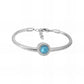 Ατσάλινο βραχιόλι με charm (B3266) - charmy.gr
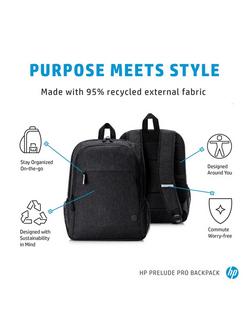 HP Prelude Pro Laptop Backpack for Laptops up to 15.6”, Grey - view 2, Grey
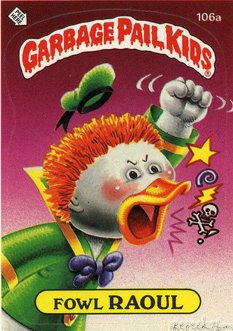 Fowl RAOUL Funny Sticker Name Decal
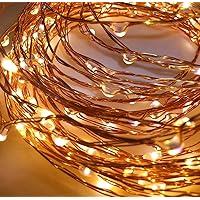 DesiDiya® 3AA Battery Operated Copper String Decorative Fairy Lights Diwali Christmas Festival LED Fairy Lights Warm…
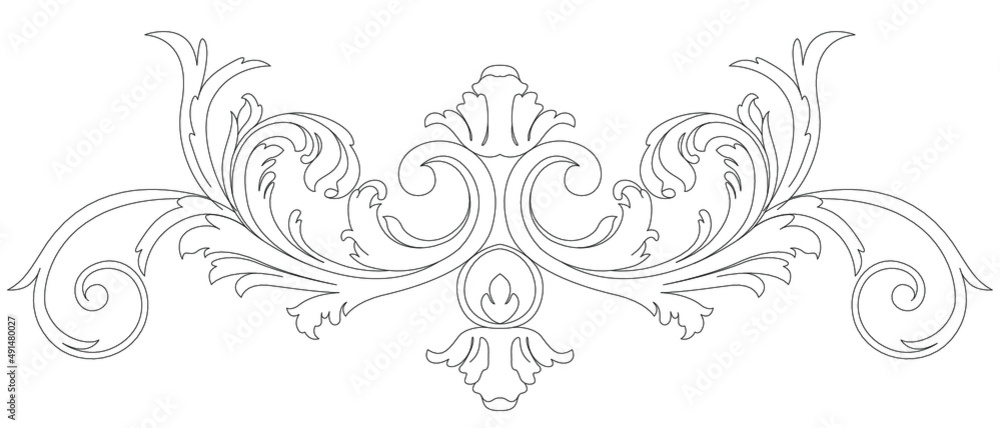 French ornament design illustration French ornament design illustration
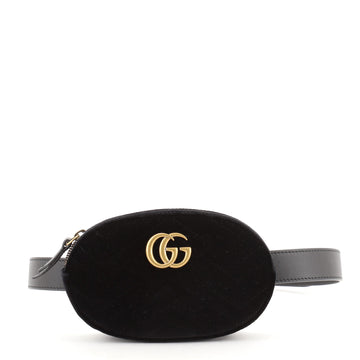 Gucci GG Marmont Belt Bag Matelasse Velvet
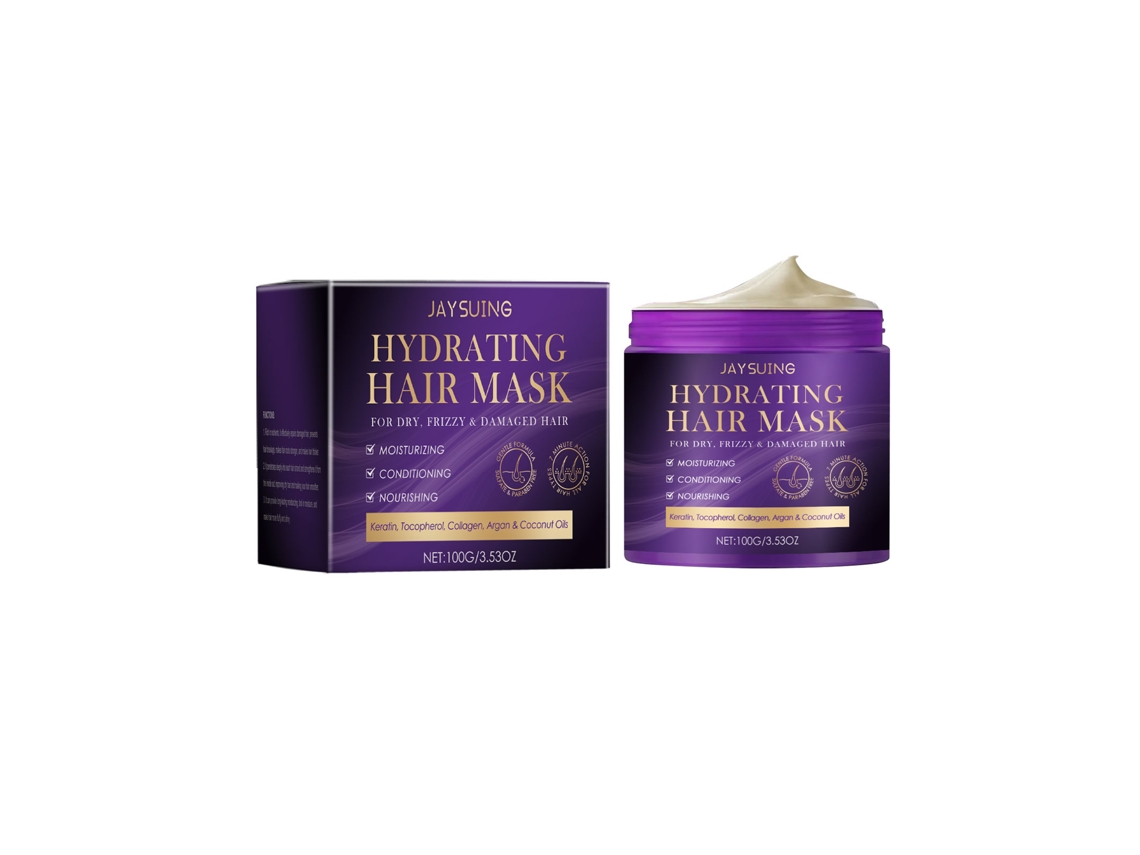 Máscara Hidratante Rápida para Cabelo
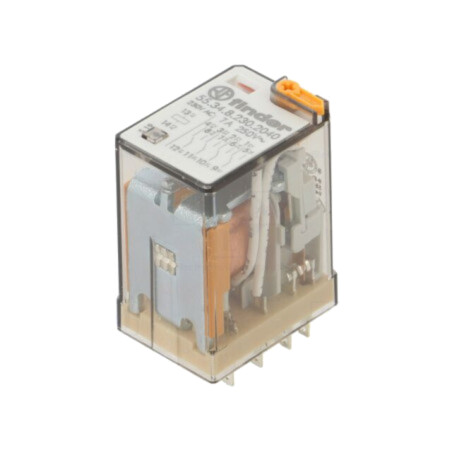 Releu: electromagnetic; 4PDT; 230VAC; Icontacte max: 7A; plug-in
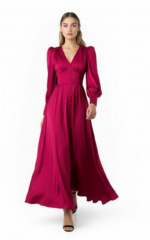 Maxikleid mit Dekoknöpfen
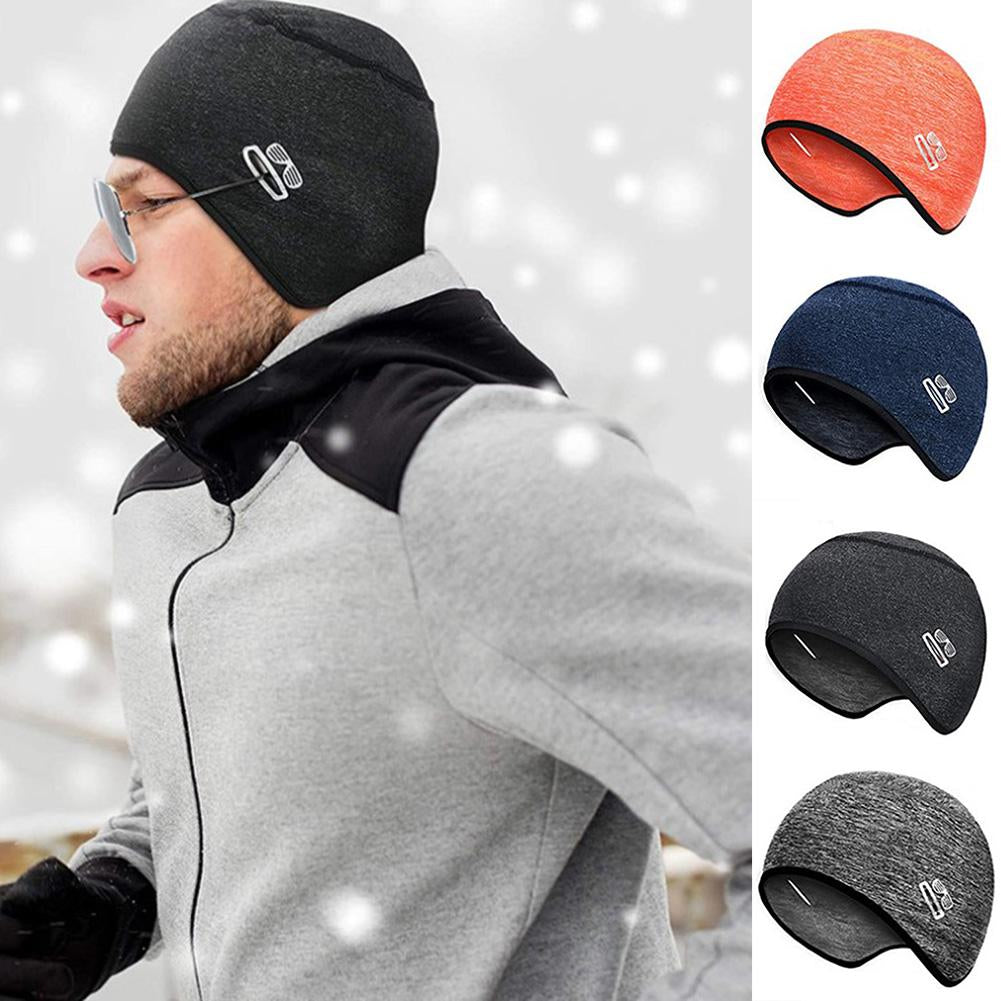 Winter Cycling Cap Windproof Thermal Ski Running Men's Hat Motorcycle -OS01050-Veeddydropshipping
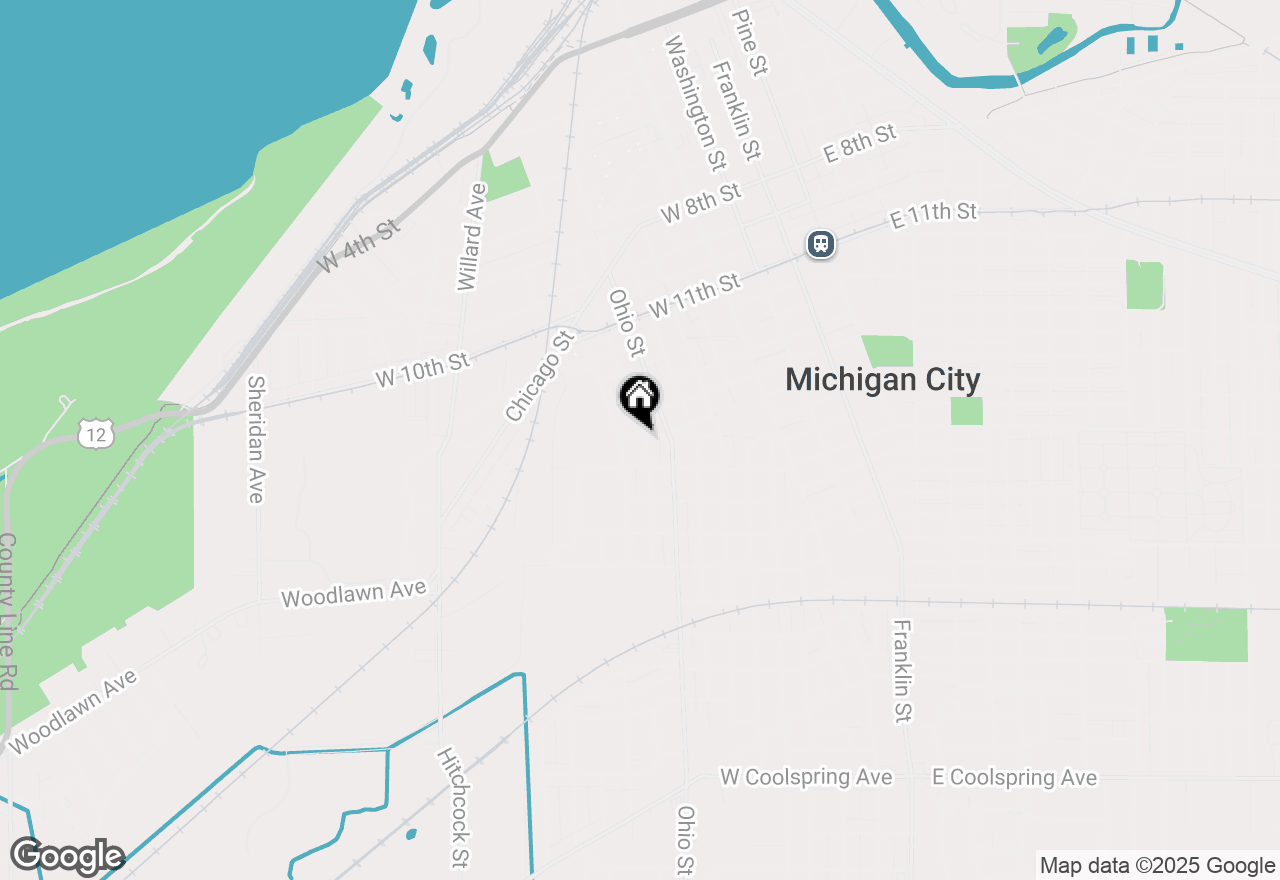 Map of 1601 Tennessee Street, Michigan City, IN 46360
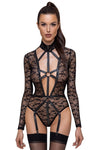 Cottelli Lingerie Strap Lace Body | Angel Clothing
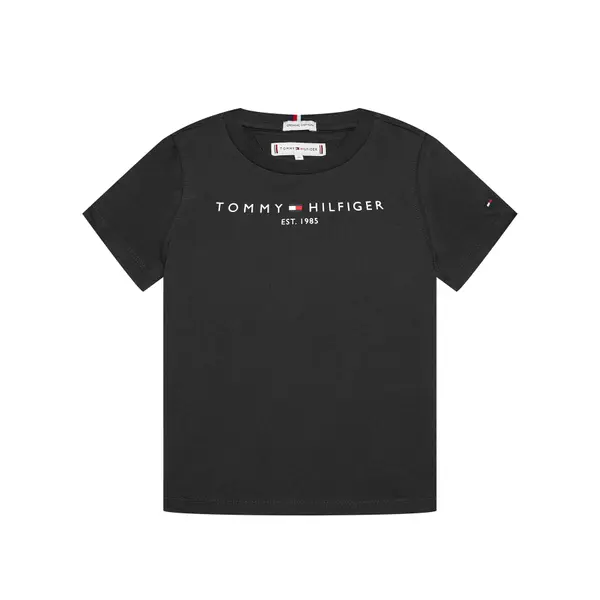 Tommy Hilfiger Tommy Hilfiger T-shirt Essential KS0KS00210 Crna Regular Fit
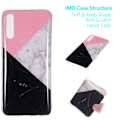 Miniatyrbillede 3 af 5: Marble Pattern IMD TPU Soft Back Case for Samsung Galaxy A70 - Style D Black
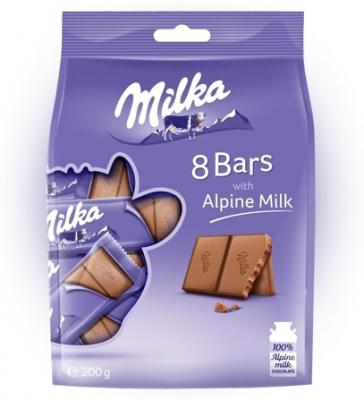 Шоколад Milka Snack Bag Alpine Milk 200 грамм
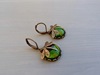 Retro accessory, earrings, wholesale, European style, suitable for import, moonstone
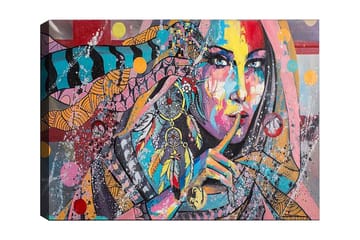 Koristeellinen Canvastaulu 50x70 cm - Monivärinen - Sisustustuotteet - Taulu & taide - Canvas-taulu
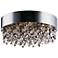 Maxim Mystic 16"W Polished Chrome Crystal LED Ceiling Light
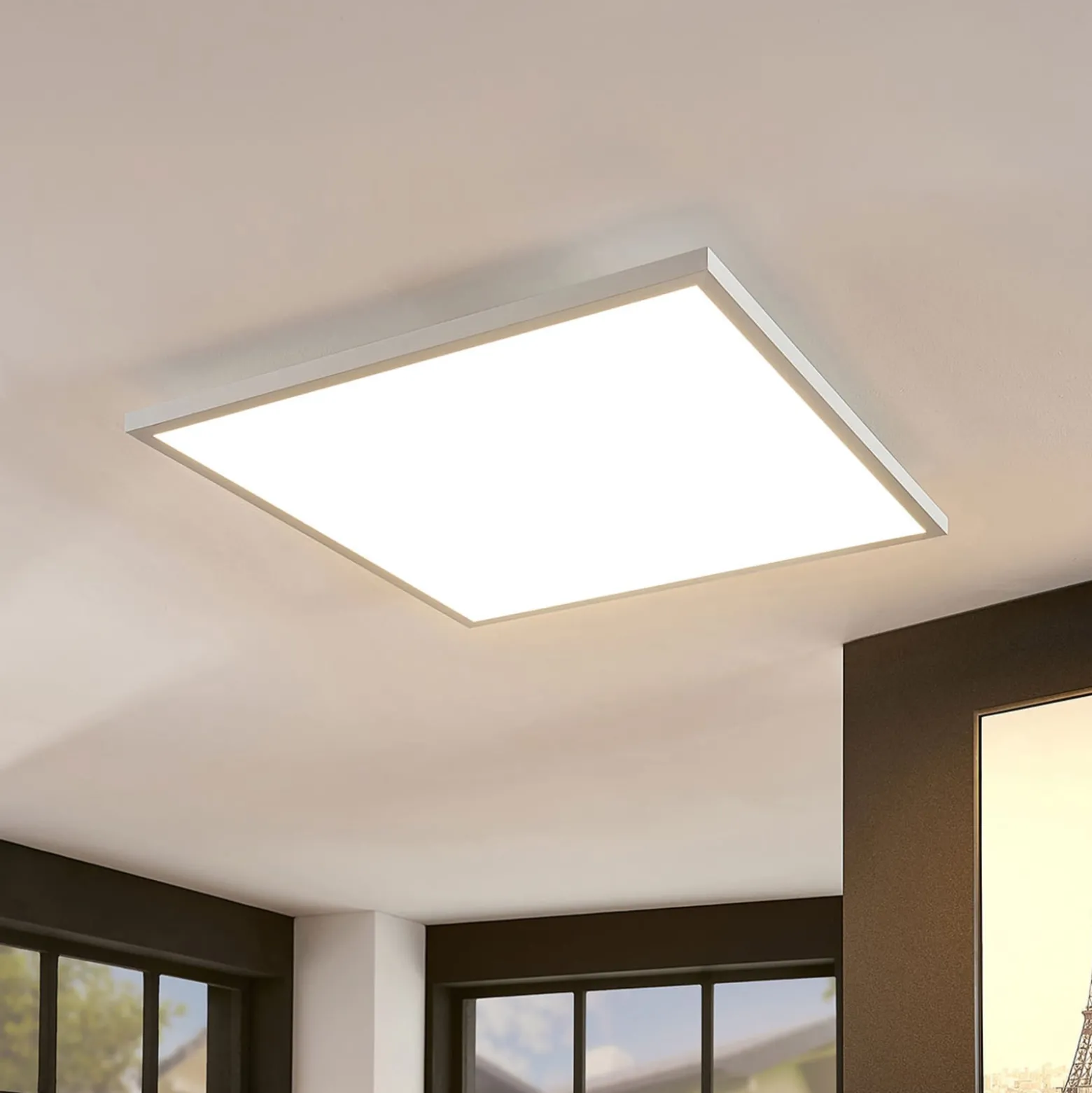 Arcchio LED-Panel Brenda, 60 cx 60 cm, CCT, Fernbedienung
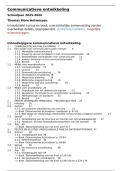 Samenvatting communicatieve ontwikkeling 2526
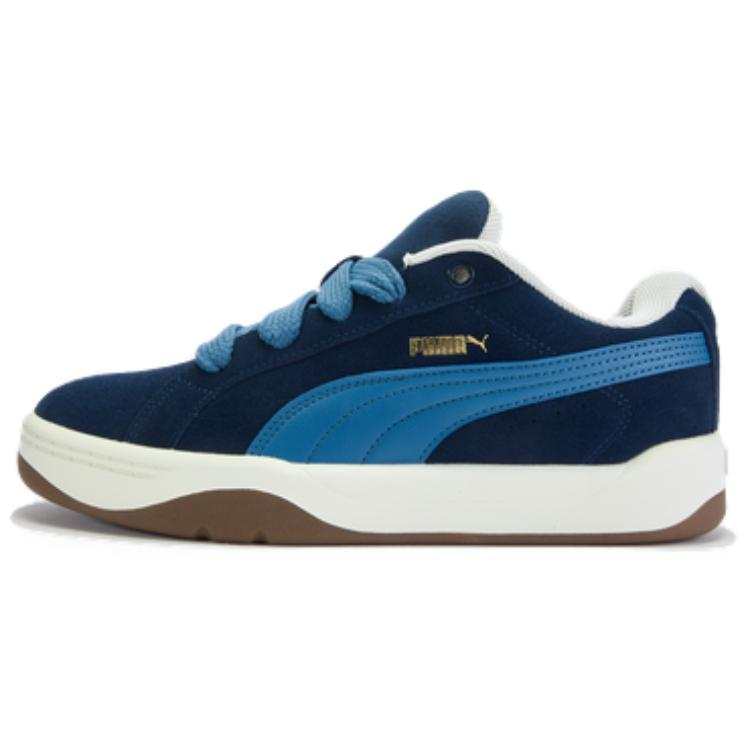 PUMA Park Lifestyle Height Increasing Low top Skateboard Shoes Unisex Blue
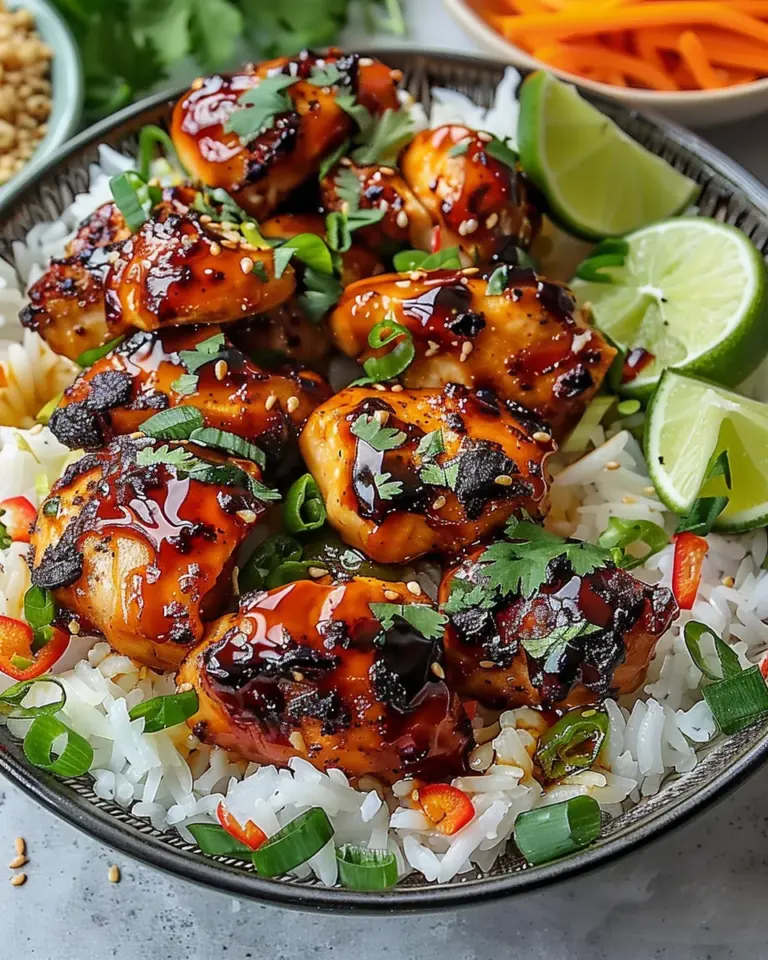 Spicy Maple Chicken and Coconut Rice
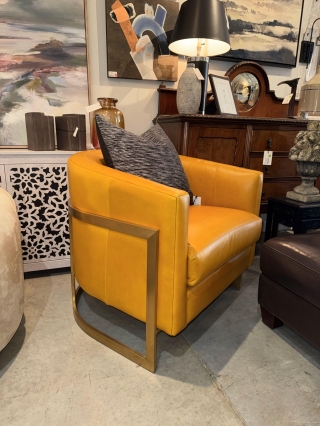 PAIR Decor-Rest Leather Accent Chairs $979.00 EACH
--------------------------------------------------
**Task details**
Word for word, retype the lines from the one with "Cottelli Lingerie Strap" through the final line of the data, both included. No pictures belong in the copy.

**Expected output**
 Cottelli Lingerie Strap Lace Body | Angel Clothing
 Tommy Hilfiger Tommy Hilfiger T-shirt Essential KS0KS00210 Crna Regular Fit
 Miniatyrbillede 3 af 5: Marble Pattern IMD TPU Soft Back Case for Samsung Galaxy A70 - Style D Black
 Шоколад Milka Snack Bag Alpine Milk 200 грамм
 Retro accessory, earrings, wholesale, European style, suitable for import, moonstone
 Koristeellinen Canvastaulu 50x70 cm - Monivärinen - Sisustustuotteet - Taulu & taide - Canvas-taulu
 Maxim Mystic 16"W Polished Chrome Crystal LED Ceiling Light
 Arcchio LED-Panel Brenda, 60 cx 60 cm, CCT, Fernbedienung
 Samenvatting communicatieve ontwikkeling 2526
 PUMA Park Lifestyle Height Increasing Low top Skateboard Shoes Unisex Blue
 Spicy Maple Chicken and Coconut Rice
 PAIR Decor-Rest Leather Accent Chairs $979.00 EACH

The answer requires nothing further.